Onde evitare il sorgere di polemiche. Saper. Cantare sul fiato implica saper eseguire il passaggio di registro, quindi fare gli acuti. Meli non sa passare e infatti si strozza salendo. Ecco dimostrata l’inadeguatezza della sign MOnteverdi all’attivita’ di critico.
Dico la mia:
Meli, dopo le prove non solo poco esaltanti, ma francamente brutte di “Maria Stuarda” (Scala), “Anna Bolena” (Vienna), “Lucia di Lammermoor” (Torino) arriva al “Ballo” con una voce in difficoltà, con meno ampiezza che in passato, secca direi.
Gonfia come un bimbo che imita il vocione del papà, non risolve bene il passaggio, si aiuta con portamenti vari (non è né il primo, né l’ultimo), ma ha di buono il timbro, ma non si canta solo col timbro o con la natura… non è voler fare la maestra di musica, è proprio attenersi ai fatti!
La Lewis, o “Crishtinn Leviss” come disse il conduttore, rispetto alla Leonora che vidi e ascoltai a Firenze (non 10 anni fa, praticamnete l’altro ieri) è solo l’ombra pallente di se stessa: stridula, querula e ingolfata oltre che con una intonazione che… lasciam perdere.
A Stoyanov restano buon timbro e un buon registro grave, una certa correttezza nel fraseggio, un certo gusto, ma in alto ormai…
La Gamberoni si disimpegna tutto sommato con decoro, la Fiorillo “recita” ormai la parte di Ulrica con quel che resta dello strumento (ampio nei gravi, ma oscillante oltre il limite del possibile al centro e soprattutto in alto).

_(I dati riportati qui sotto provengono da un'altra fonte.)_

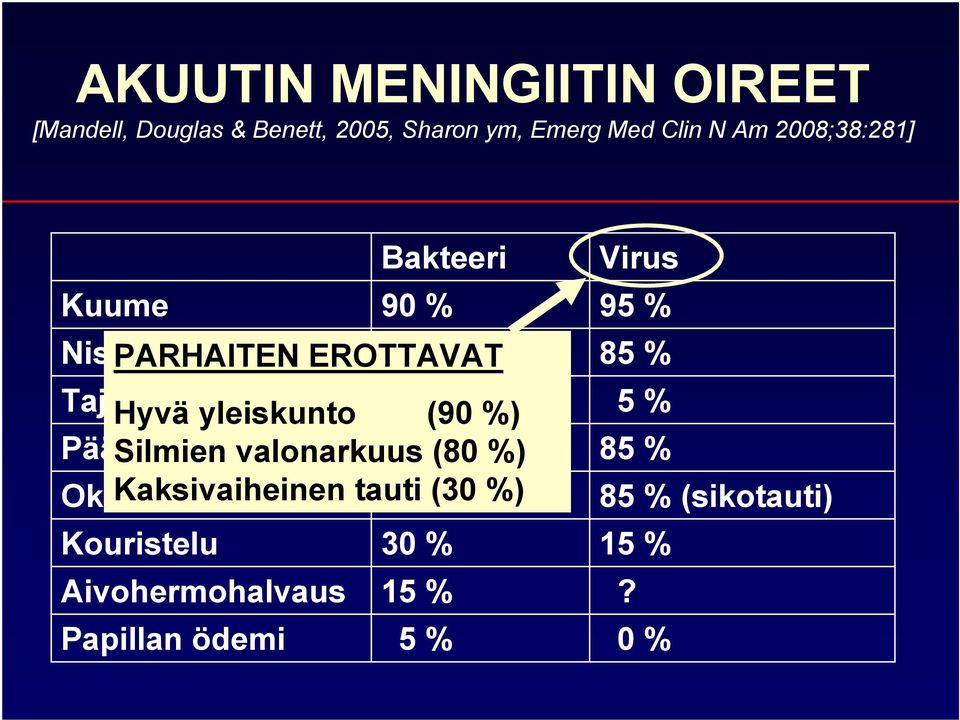 muutos 50 %(90 %) Päänsärky Silmien valonarkuus 95 (80 %) Oksentelu Kaksivaiheinen tauti 35 %(30 %)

La direzione praticamente non aveva alcun senso.
Il pubblico che deve accordarsi sull’applaudire PER FORZA uno spettacolo perchè altrimenti si chiude e bye bye Verdi festival, il pubblico che deve accordarsi per dire che tutto è bello, sublime, unico, il pubblico che deve GIUSTIFICARE tutto, perchè consapevole evidentemente della mediocrità, il pubblico che deve chiedere l’elemosina e fingere di darsi un tono di fronte alla politica riempiendosi la bocca di “cultura”, è uno spettacolo molto, molto patetico.
Marianne
L’ ultimo paragrafo del commento di Marianne andrebbe fotocopiato e distribuito all’ entrata di ogni rappresentazione operistica di oggi, non solo in Italia ma dappertutto!
Ieri sera a Parma ho visto il Ballo con due cantanti del secondo cast pur rimanendo il Riccardo di Meli, il Renato di Stoyanov e l’Oscar della Gamberoni. Inqualificabile l’Ulrica di Nicole Piccolomini mentre una piacevole sorpresa è stata l’Amelia di Alisa Zinovjeva, (avevo assistito alle nefandezze della K. Lewis nella diretta di Parma Tv ed ero preparata al peggio). La bella Zinovjeva, lungi dall’essere perfetta, dopo incertezze iniziali e tentativi di scurire la voce ha, complessivamente, cantato in maniera corretta . La sua Amelia contenuta ma trepidante ed amorosa, mi è parsa credibile benché troppo lirica ed anche il pubblico ha mostrato di apprezzare. Meli particolarmente fuori forma, si udito poco e ha spinto molto.